### Data
=== Section Start ===

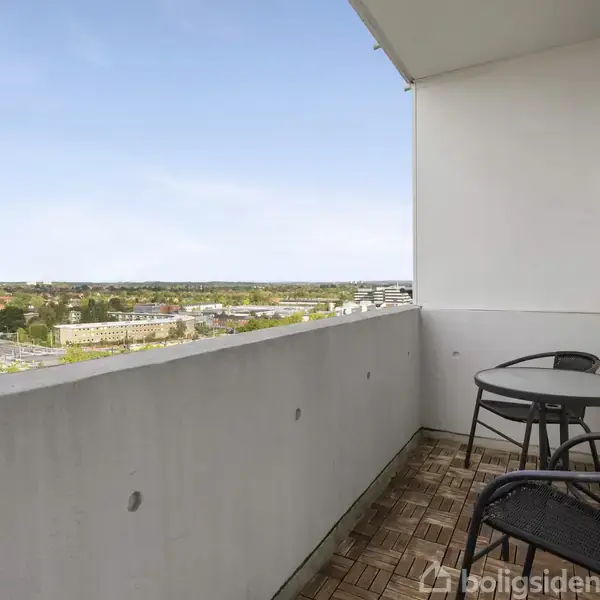 En balkon med to sorte kurvestole og et lille rundt bord. Udsigt over byområde med træer og bygninger under en klar blå himmel.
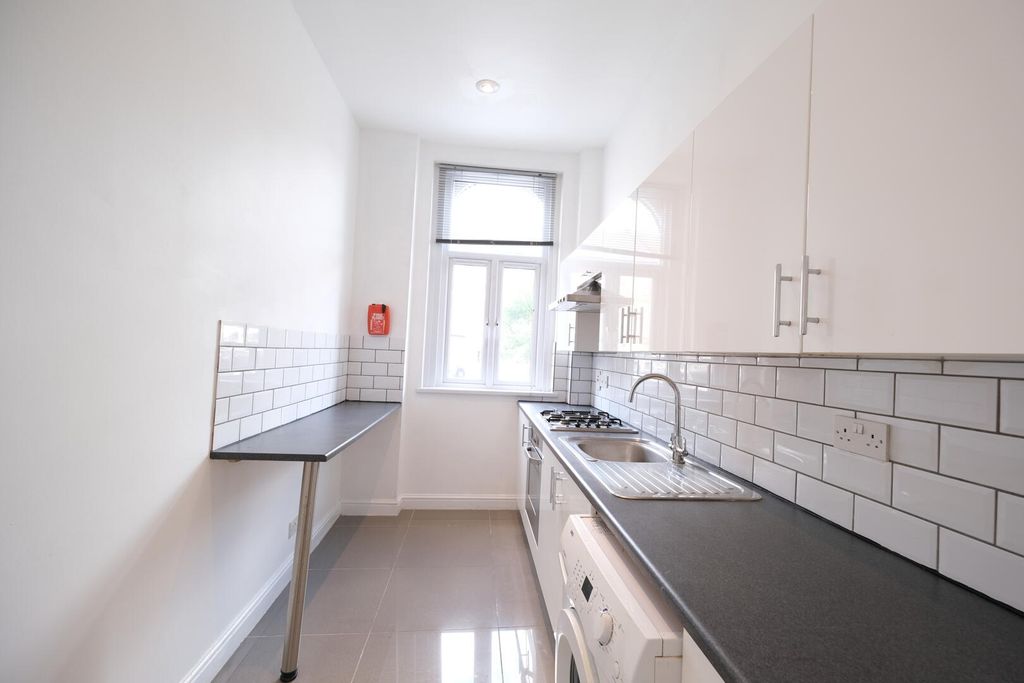 Property photo 3 of 12 Kitchen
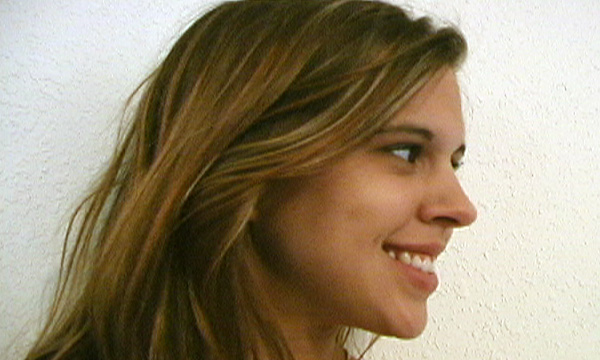 Ariel Andrews smiles while modeling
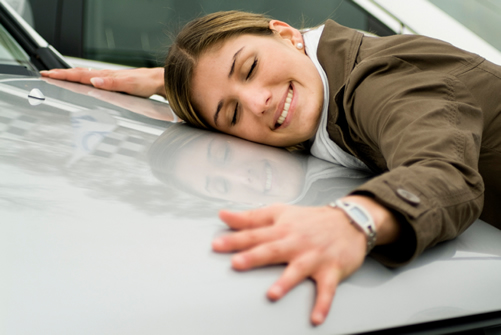 Women Hugging Car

=== Section End ===

### Required action
No pictures should appear in the copy; write out exactly the lines from the one containing "Ariel Andrews smiles while modeling" through the end of the material.

### Solution below
 Ariel Andrews smiles while modeling
 Women Hugging Car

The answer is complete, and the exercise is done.